It was all meant to be so easy.
In May this year, the £250 million Saint Helena Airport was due to open and change the lives of its islanders who were accustomed to a five-day, 1,200 mile boat trip to the nearest mainland, southern Africa.
Flights had been booked for the journalists while even the UK’s Prince Edward had agreed to open the UK-government funded airport in the British overseas territory.
However, about a month before the event, the airport’s opening was indefinitely postponed after a test flight with a Boeing 737 revealed the risk of windshear was too great. It was instead decided that more data would need to be collected before the airport could fully open to commercial flights.
Even though the wait is ongoing, St Helena Tourism director of tourism Christopher Pickard said the island still desperately needs an airport if it is to develop a tourism strategy fit for the 21st century.

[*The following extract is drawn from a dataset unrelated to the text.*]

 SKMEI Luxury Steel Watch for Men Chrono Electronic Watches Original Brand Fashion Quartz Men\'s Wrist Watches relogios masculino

“A lot of the people who would travel here are cash rich and time poor,” he says. “People are used to making connections but they like to have it all flow through so they can do the travel in a 24-hour period.”

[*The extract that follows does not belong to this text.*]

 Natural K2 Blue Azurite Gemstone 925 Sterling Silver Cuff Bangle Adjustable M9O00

Although one route had been set up to the island from London’s Luton Airport via the Gambian capital Banjul and operated by Atlantic Star, Pickard said the key service had been a weekly scheduled service operated by Comair and using a 737-800 carrying up to 110 people from Johannesburg.
He believes it is this service the island is missing the most, adding: “We’re really not going out to market until we know there aren’t going to be any problems.
“The experts are all saying we need more data to look at. I think the first visitation will be to have small planes coming in here carrying 40 or 50 passengers and that will be in the next three months or so. Every plane that lands on the island gives them more data and a plane this week had no problems landing or taking off.”
Meanwhile, he has little time for the journalists who criticised the airport’s planners for not anticipating the windshear issue earlier.
“The problem is islands by definition don’t have a lot of space and finding the right place to build an airport is quite hard,” Pickard says.
“We had to fill in several gullies to make it fit; St Helena is so full of big gullies when you go round the island and there is nowhere in the middle of the island you could do it. It is not that flat.”